Gene fusions have emerged as crucial molecular drivers of oncogenesis in various cutaneous adnexal neoplasms, including NUTM1, YAP1, WWTR1 fusions in poroid neoplasms, and CRTC1::MAML2 fusions in hidradenomas and hidradenocarcinomas. We present the first-ever case of primary cutaneous adnexal carcinoma with RARA::NPEPPS fusion, a previously undescribed fusion in any human malignancies. The patient, a 77-year-old African American man, presented with a 5 cm ulcerated nodule on the left proximal thigh. Biopsy revealed adenocarcinoma predominantly involving the dermis, with focal epidermal involvement and occasional intraepidermal pagetoid spread. The neoplastic cells exhibited various growth patterns, including solid, papillary, micropapillary, and cribriform growth, along with central comedo-type necrosis, set in a desmoplastic and fibrotic stroma. Immunohistochemical analysis showed positive expression of CK7, CK19, GATA3, TRPS1, CK5/6 (patchy), calretinin (patchy), p63 (focal), and DPC4 (no loss). However, immunoreactivity for CK20, CDX2, TTF1, Napsin-A, PAX8, arginase-1, adipophilin, NKX3.1, uroplakin II, and D2-40 was absent.
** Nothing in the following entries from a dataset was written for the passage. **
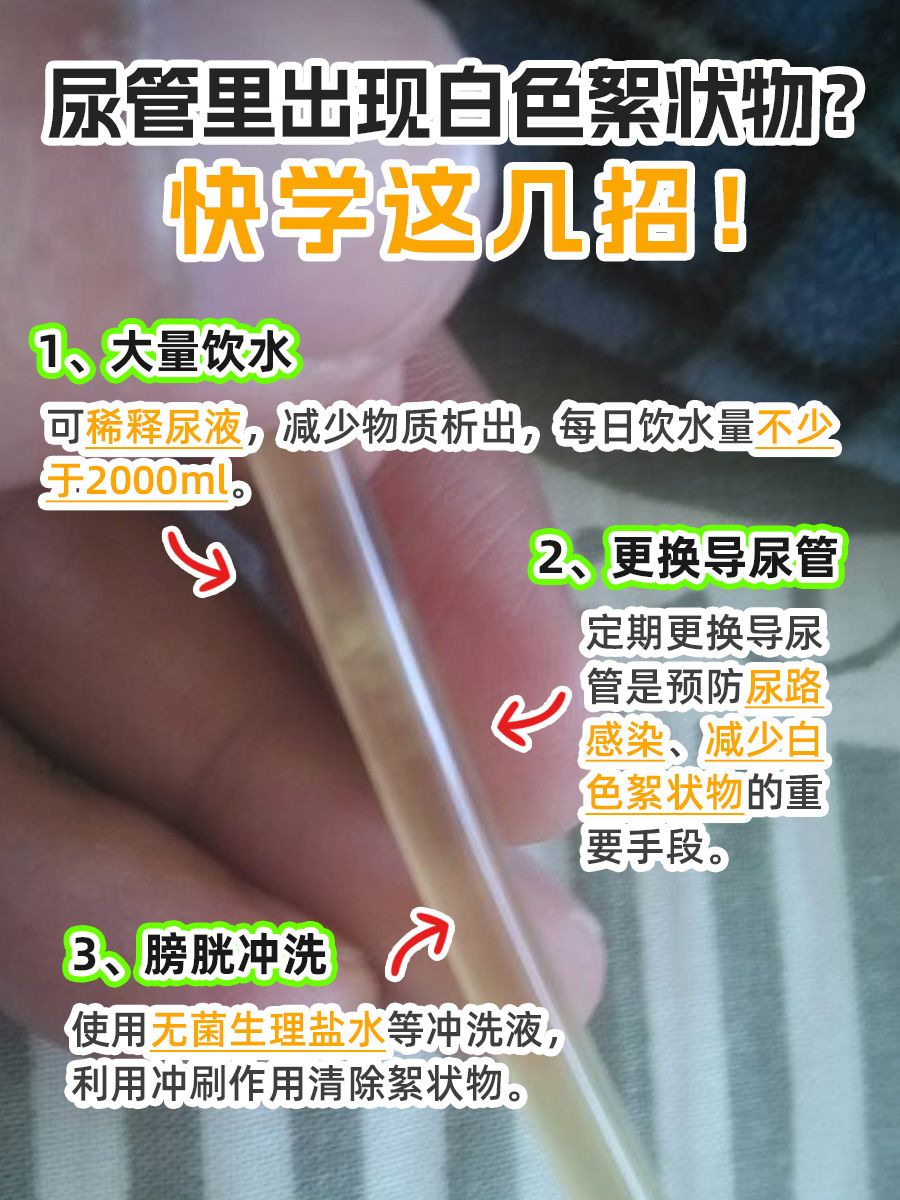 尿管有白色絮状物？别急，处理措施看这里！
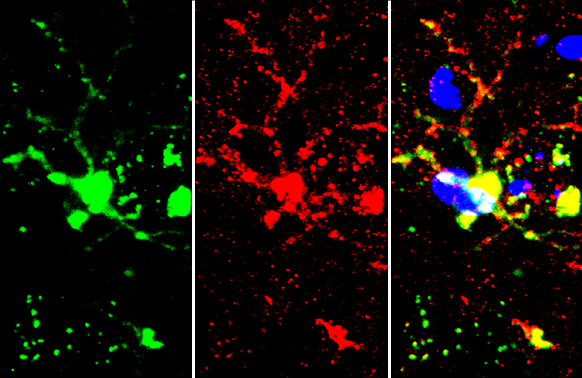 Iba1 (isoform 1 and 3) antibody, C-term detects Iba1 (isoform 1 and 3) protein by immunohistochemical analysis. Sample: Frozen-sectioned mouse brain. Green: Iba1 (isoform 1 and 3) stained by Iba1 (isoform 1 and 3) antibody, C-term (GTX89792) diluted at 1:250. Red: TMEM119, stained by TMEM119 antibody (GTX134087) diluted at 1:250. Blue: Hoechst 33342 staining.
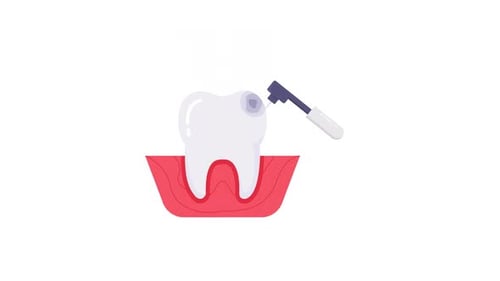 Animation alpha de l'élément de perçage à dents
Next-generation sequencing revealed the presence of RARA::NPEPPS fusion, as well as amplifications of ERBB2 and SESN1, along with a high tumor mutational burden of 18 mut/Mb. The tumor was suspected to be of cutaneous origin given the presence of CK5/6, calretinin, and p63 immunoreactivities in the tumor cells. Further imaging studies did not reveal any internal malignancy, except for multiple lymphadenopathies. Subsequent lymph node biopsies from the left inguinal and supraclavicular lymph nodes confirmed metastases. This unique case represents an unclassifiable aggressive cutaneous adnexal carcinoma with a novel fusion, offering valuable insights into the molecular landscape of such neoplasms.